Your answer must be the records below repeated word for word, with no pictures in it.

Short descriptive text snippets:
* * * * * * * * *

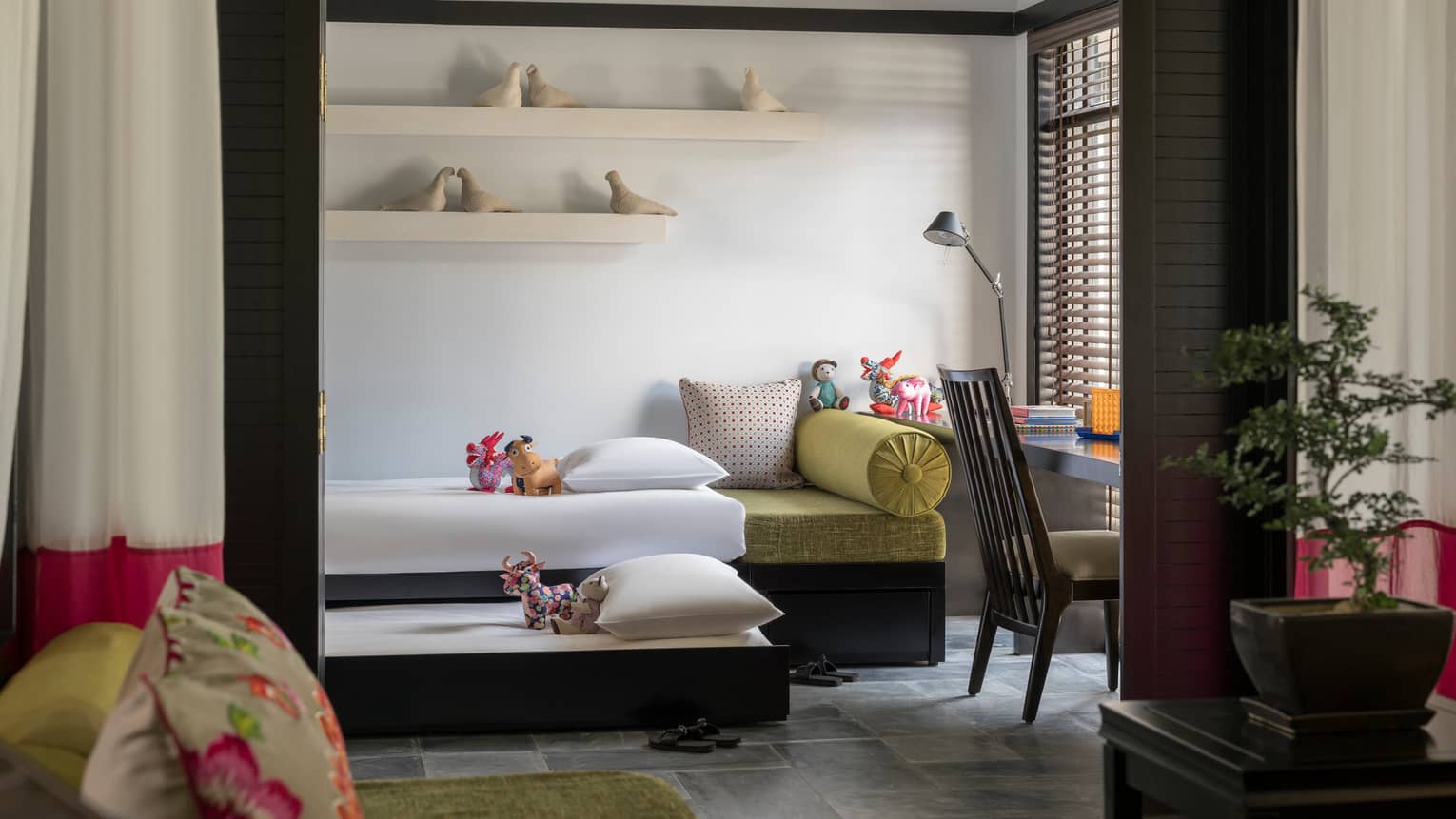 Family Villa bedroom with two children's day beds, ceramic birds on shelves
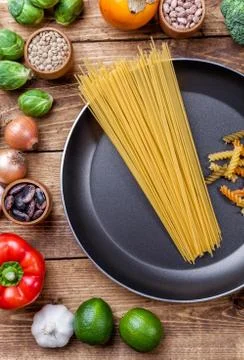 Various vegetables fruits and herbs with a frying pan Stock Photos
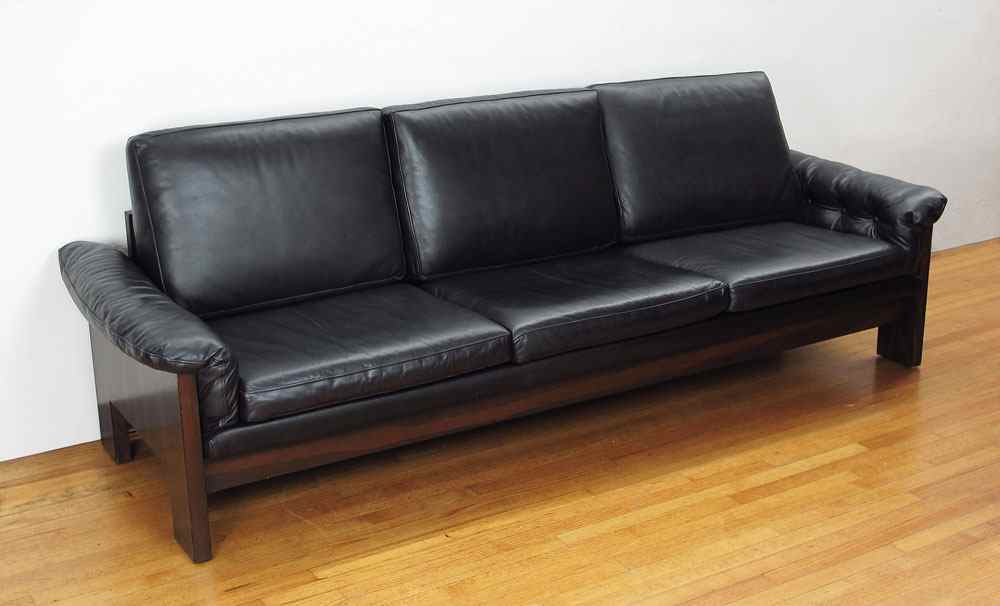 Appraisal: MILO BAUGHMAN ROSEWOOD AND BLACK LEATHER SOFA Rosewood back sides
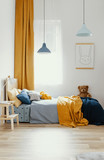 Teddy bear on single wooden bed in blue and orange bedroom interior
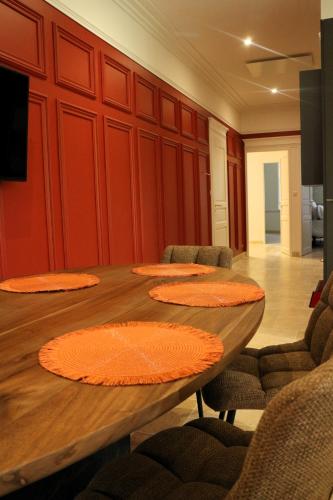 a conference room with a wooden table and chairs at Champagne André Bergère - Guest House in Épernay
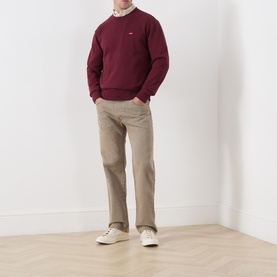 Model wearing Levi's 3049 Straight Jeans in Salty Capers, styled with a burgundy crew-neck sweatshirt and white trainers.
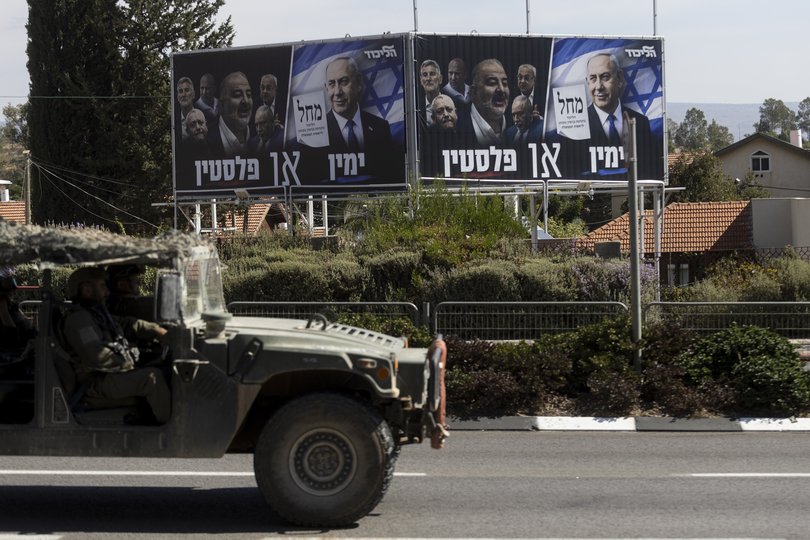 An Israeli army vehicle passes by an election campaign banner featuring Israeli Prime Minister, and leader of Likud party, Benjamin Netanyahu.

* * * * * * * * *

RESULT –
 Family Villa bedroom with two children's day beds, ceramic birds on shelves
 Various vegetables fruits and herbs with a frying pan Stock Photos
 Appraisal: MILO BAUGHMAN ROSEWOOD AND BLACK LEATHER SOFA Rosewood back sides
 Teddy bear on single wooden bed in blue and orange bedroom interior
 a conference room with a wooden table and chairs at Champagne André Bergère - Guest House in Épernay
 Model wearing Levi's 3049 Straight Jeans in Salty Capers, styled with a burgundy crew-neck sweatshirt and white trainers.
 An Israeli army vehicle passes by an election campaign banner featuring Israeli Prime Minister, and leader of Likud party, Benjamin Netanyahu.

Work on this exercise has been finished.